Morphology-Property Interplay in Chemo-Mechanics of Ion-Intercalation Active Particles
Abstract
Morphology, material property, and mechanical constraint jointly govern the chemo-mechanical behavior of ion-intercalation particles, yet their coupled effects remain insufficiently understood. Here we establish a thermodynamically consistent single-particle framework and combine analytical solutions with multiphysics simulations to determine how these factors regulate lithiation and stress generation. We study hollow spherical, cylindrical, and ellipsoidal particles with isotropic or transversely isotropic material properties under fully constrained, inner-free, or unconstrained boundary conditions.

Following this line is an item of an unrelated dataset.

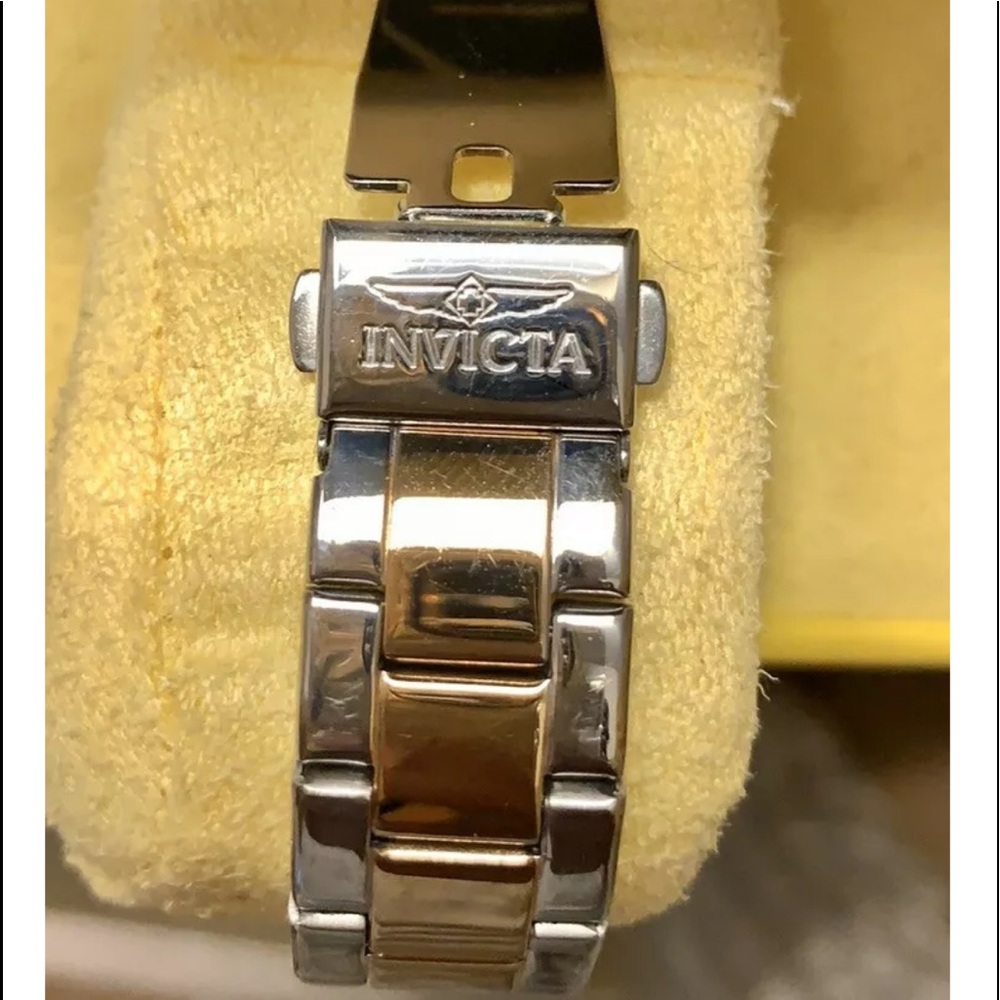 💕SOLD💕 LADIES INVICTA WATCH / ANGEL 😇 - Picture 5 of 8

We show that the transient lithiation pathway and the associated stress and strain fields are governed not by morphology, property, or constraint alone, but by their coupled interaction: isotropic particles are sensitive to the mechanical constraint, whereas transversely isotropic particles exhibit persistent heterogeneous lithiation dominated by anisotropic diffusivity. Flux decomposition analysis reveals that the mechanical contribution to Li flux is negligible in spheres but dominant in ellipsoids. Correlation analysis further shows that Li concentration and volumetric strain exhibit strong anti-correlation in unconstrained particles but weak correlation under full constraints. Bayesian optimization of hollow ellipsoids identifies Pareto-optimal morphologies that balance lithiation capacity against peak tensile stress. These results provide a unified framework for the morphology-property interplay in intercalation particles and offer morphology design principles for chemo-mechanical stability.